Father 父亲

23rd April 2016  /  life upon life, significant story, highlight

I grew up spoiled and had never left home once nor ever lodged in school. I had never suffered wrongs. My parents always took good care of me. So I did not adapt to a new environment easily, and was not used to living alone.

One month after I started high school, I was just the same as I had been. I didn’t talk all day long and was always late for meals. I was absent-minded and stared blankly in classes. My grades seemed to be plummeting. I spent much time talking with my parents over the phone every night, and I couldn’t help crying. I knew my parents must have worried sick about me. 

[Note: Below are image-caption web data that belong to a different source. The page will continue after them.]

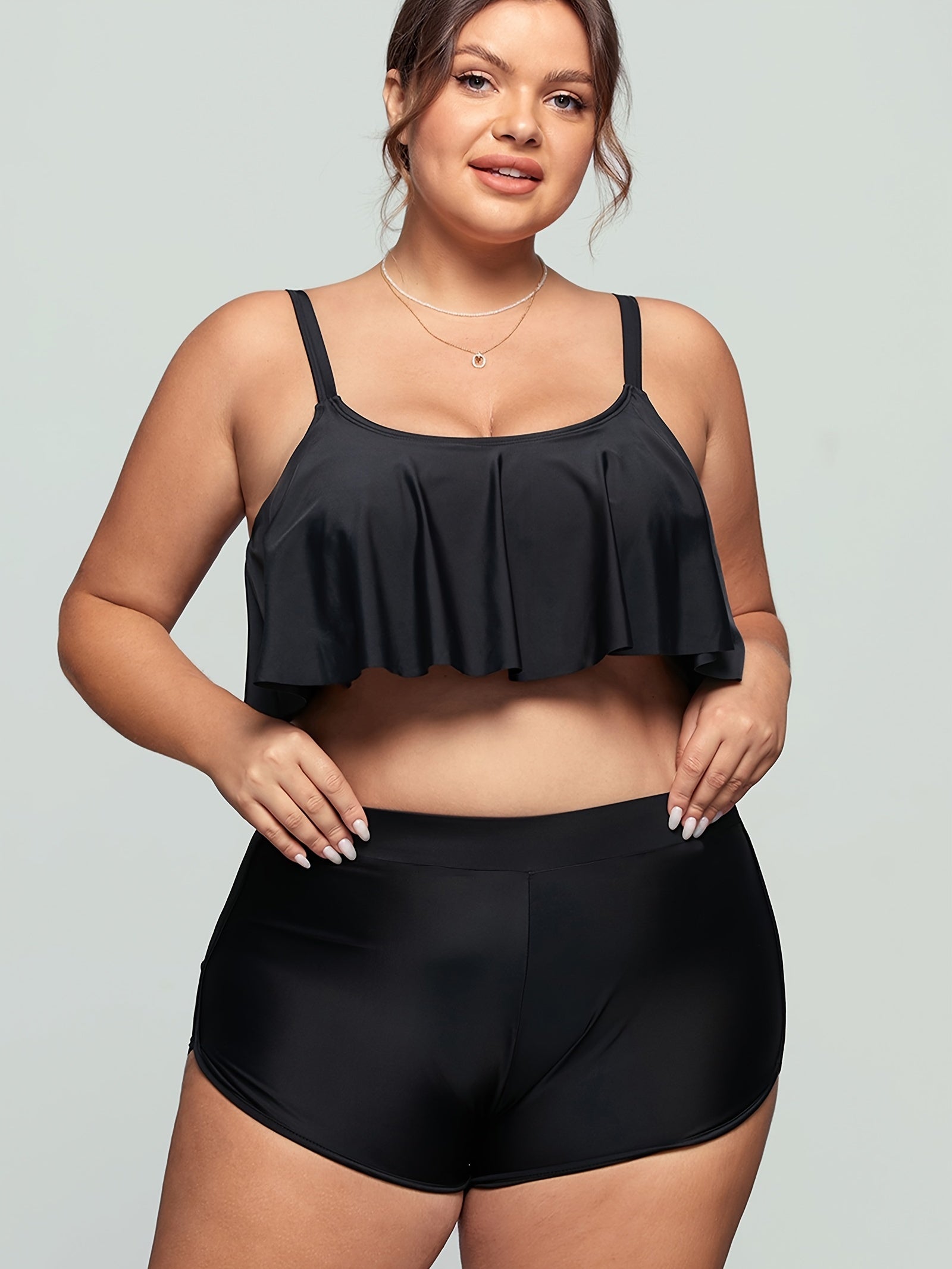  Ruffle Trim Bikini Set for Women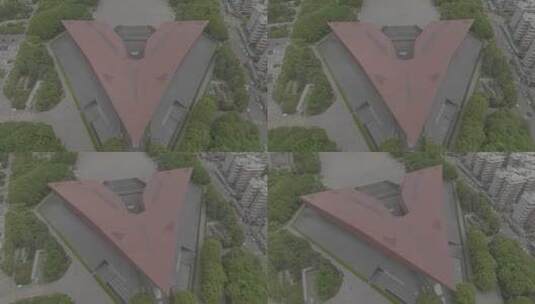 武汉辛亥革命博物馆，俯视环绕镜头高清在线视频素材下载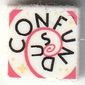 Tile 1 x 1 with Black 'CONFUNDUS' print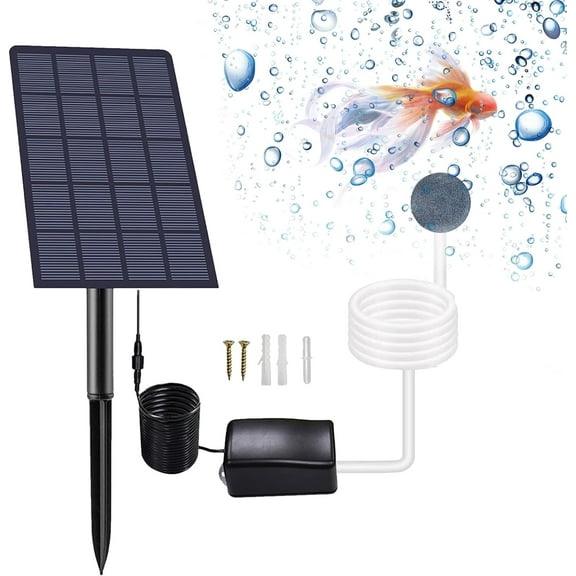 Solar Pond Oxygenator, Aquarium Oxygen Aerator Air Pump Fishing Aerator with Pipe Air Bubble Stones for Garden Fish Tank Outdoor Pool Pond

One Sunday, my parents brought me lunch. At twelve noon, my father walked downstairs with me to the front of the teaching building and waved me goodbye. I felt so sad when I took a few steps upstairs. I turned back and saw my father went far away. I carried on going upstairs and I stared blankly in the classroom. I ran to the dormitory after school, suddenly I heard someone calling my name in a familiar voice. Then I saw my father and I was happy.

We went to the dining room to have dinner. I bought two bowls of noodles and ate heartily with my father. I couldn’t help asking why he visited me again. He said “I saw you turned back at noon and you were sad, so I want to look at you. I was just worried that you would not have dinner again.” I was so moved that words could not express my feelings. I thought he didn’t notice when I turned back because he had gone far away.

My home is very far away from my school. It takes more than 40 minutes by bike. I don’t want my parents to worry about me, but my father cares about me more deeply than I think.

Feiyang Xu

我从小一直被惯着长大,没有离开过家,没在校寄宿过,没感到过委屈,爸爸妈妈永远把我照顾的好好的。也因此我适应能力特别差,无法习惯独立的生活。从高中开学开始算起,一个月之后我还是像开学那样的状态:我还是每天不说话,每天来不及吃饭,上课会走神会发呆,成绩永远近乎竖直下降。每天晚上会花很多时间打电话回家,跟爸妈谈心,然后说着说着就会哭。我知道他们有多担心我。那个星期天,他们中午来送饭,12点爸爸把我送到教学楼下,然后挥挥手跟我说再见。我上楼,没走几步,我心里很难过,于是回头看他,发现他已经离我远了不少。我又转身往楼上走,回到教室发呆。后来下午放学,我奔向宿舍,突然听见有人叫我,那么熟悉的声音。然后我看到爸爸。我瞬间特别高兴地朝他走过去,然后我们去食堂吃饭。我买了两碗面,我们就很开心地吃饭啊。我想想还是问爸爸,我说你怎么晚上会来,他说“今天中午我看到你回头望我,感觉你过得挺郁闷的,就来看看你,怕你晚饭又不吃。”当时我心里说不出的滋味,根本无法形容,我以为他没有看到,爸爸离我很远,我根本不知道他是怎么看到的。那时我只是想回头看看他,看看他离我远去,不是希望他看到我回头望他。我家离学校真的很远,爸爸骑车来最少最少40分钟。我其实不想让爸妈太担心的,爸爸他原来比我想象地还要关心我。